The Trump administration would like to permanently reduce the top tax rates on individual and corporate income. But there aren’t 60 votes in the Senate to do that. Thus, assuming the GOP can’t stomach nuking the legislative filibuster, it needs to pass its big tax-reform plan as a budget-reconciliation bill — a type of legislation that can pass the upper chamber with a simple majority vote.
But budget-reconciliation bills can’t increase the deficit outside of the ten-year window after they’re passed. Which means that, if Trump wants to permanently cut rates, he needs to close enough loopholes — or create enough new taxes — to make his rate-cut revenue neutral.
Alternatively, he could just do what George W. Bush did: Put a ten-year expiration date on a giant, deficit-expanding tax cut for the rich, and call it a day. After all, there’s no guarantee that a “permanent” tax cut would actually be permanent, anyway — Democrats could always regain the trifecta and return America to its present state of socialist tyranny.
One might think Trump would have the good sense to take option No. 2, especially after Trumpcare’s demise made revenue neutrality even harder to achieve — and made his administration even more desperate for a legislative victory.
But, at least for the moment, some in the White House aren’t ready to forfeit their dream of making the American tax system more regressive in perpetuity. And the quixotic search for new taxes that congressional Republicans would actually vote for has led the administration in some surprising directions.
Initially, the House GOP’s silver bullet was a border-adjustment tax (BAT) — effectively, a measure that would decrease the tax liability of American exporters while increasing that of importers. This would both provide Trump a (relatively) non-disruptive means of making America more protectionist and raise about $1 trillion in revenue, since America imports a lot more stuff than it exports.
But major retailers don’t like the BAT. And neither do many consumer groups, who view the tax as regressive. And a bevy of Republican senators has already vowed to kill the provision. So, now, the more moderate wing of the White House is, apparently, considering two other new taxes that will (almost certainly) never, ever pass.

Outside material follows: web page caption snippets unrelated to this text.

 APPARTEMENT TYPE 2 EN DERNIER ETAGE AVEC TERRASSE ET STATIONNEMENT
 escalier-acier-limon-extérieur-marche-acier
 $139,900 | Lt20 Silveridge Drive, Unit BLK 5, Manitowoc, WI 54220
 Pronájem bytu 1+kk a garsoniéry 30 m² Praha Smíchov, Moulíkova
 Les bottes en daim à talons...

As the Washington Post reports:
President Trump’s administration is exploring the creation of two controversial new taxes — a value-added tax and a carbon tax — as part of a broad overhaul of the tax code, according to an administration official and one other person briefed on the process.
The value-added tax, which is popular in many other countries, would serve as a kind of national sales tax, one that consumers would pay when they make purchases and that businesses would pay for supplies, services and raw materials. A carbon tax would target the emissions of carbon dioxide and other greenhouses gases in the burning of gasoline, coal and other fossil fuels.

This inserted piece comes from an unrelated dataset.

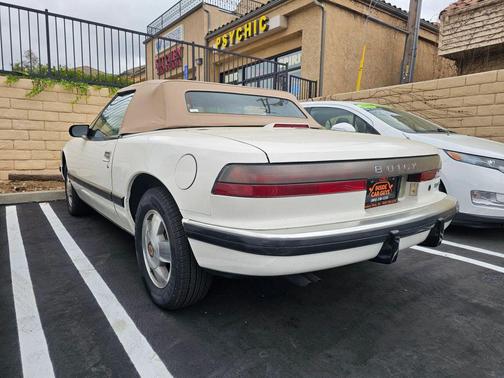 1990 Buick Reatta 2D Convertible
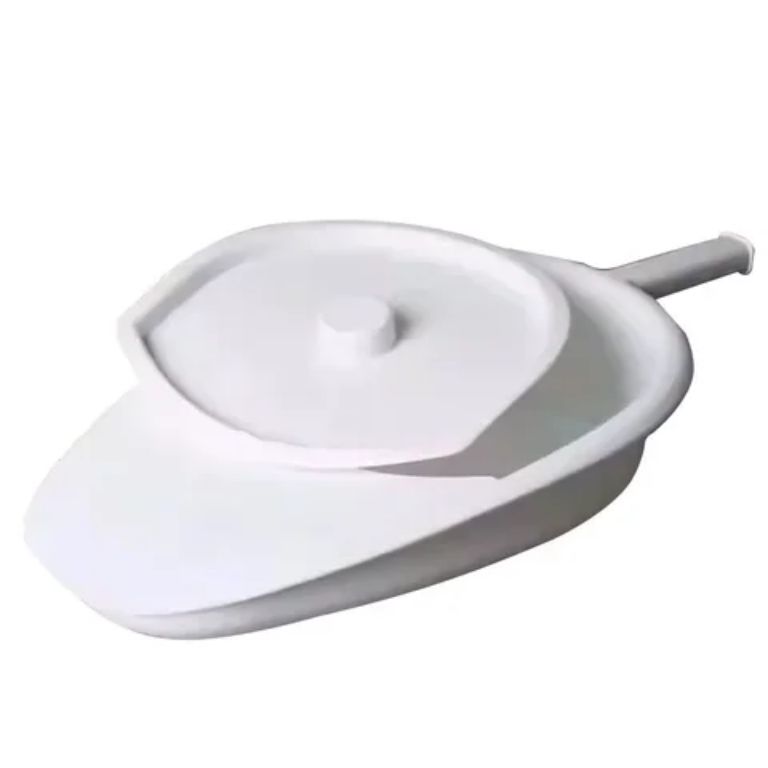 Bed pan ( plastic) by Scantrik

Shortly after the Post published its report, the White House denied that either proposal was under consideration (a claim that may ultimately hinge on one’s definition of consideration).
Anyhow, these alleged considerations may reflect the White House’s purported interest in bucking the GOP’s right flank and trying to win over moderate Democrats. After all, it’s hard to see the Freedom Caucus getting behind a tax on carbon dioxide. But there’s little reason to think that Democrats would be willing to support a deeply unpopular president’s deeply unpopular tax cut for the rich, for the sake of a carbon tax. (It’s also, obviously, hard to imagine that the president who called climate change a Chinese hoax — and just signed a bunch of executive orders rolling back Obama-era climate policies — is eager to pick a fight with his own party over taxing carbon.)
Similarly, it’s possible to conjure a context in which Democrats would support a value-added tax — if it were paired with a massive expansion in social spending and higher taxes on the rich, for example. But there’s no way Democrats are going to vote to simultaneously reduce taxes on billionaires and increase them on middle-class consumers. And that’s likely to be a bridge too far for plenty of congressional Republicans, too.
If Trump doesn’t want to see another major legislative priority die in utero, he should abandon the ambition of comprehensive tax reform, and either slash tax rates for ten years, or do a corporate-repatriation holiday paired with some infrastructure investment.
His understaffed, inexperienced White House can “explore” all the options it wants — but it (almost certainly) won’t find significant new sources of revenue that congressional Republicans are willing to vote for.